Locate all lines in the data below that hold "Foto" and show them.
**********
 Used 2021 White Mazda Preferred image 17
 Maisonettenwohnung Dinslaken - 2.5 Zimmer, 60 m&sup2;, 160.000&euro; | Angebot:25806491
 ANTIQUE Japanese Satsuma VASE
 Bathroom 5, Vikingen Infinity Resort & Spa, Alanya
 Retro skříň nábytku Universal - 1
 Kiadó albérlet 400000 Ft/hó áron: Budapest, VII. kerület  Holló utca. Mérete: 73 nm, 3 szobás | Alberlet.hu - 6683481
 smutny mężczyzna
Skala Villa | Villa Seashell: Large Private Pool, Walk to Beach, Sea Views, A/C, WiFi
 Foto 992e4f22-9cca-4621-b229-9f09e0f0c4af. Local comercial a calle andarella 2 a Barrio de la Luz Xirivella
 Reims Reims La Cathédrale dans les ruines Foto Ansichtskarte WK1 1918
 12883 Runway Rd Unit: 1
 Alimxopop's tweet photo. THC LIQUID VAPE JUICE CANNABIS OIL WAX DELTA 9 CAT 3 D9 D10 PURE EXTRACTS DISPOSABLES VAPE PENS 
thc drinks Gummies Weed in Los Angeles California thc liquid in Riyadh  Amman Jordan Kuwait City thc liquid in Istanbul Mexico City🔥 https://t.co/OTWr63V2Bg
**********
*EXERCISE SOLUTION*.
 Foto 992e4f22-9cca-4621-b229-9f09e0f0c4af. Local comercial a calle andarella 2 a Barrio de la Luz Xirivella
 Reims Reims La Cathédrale dans les ruines Foto Ansichtskarte WK1 1918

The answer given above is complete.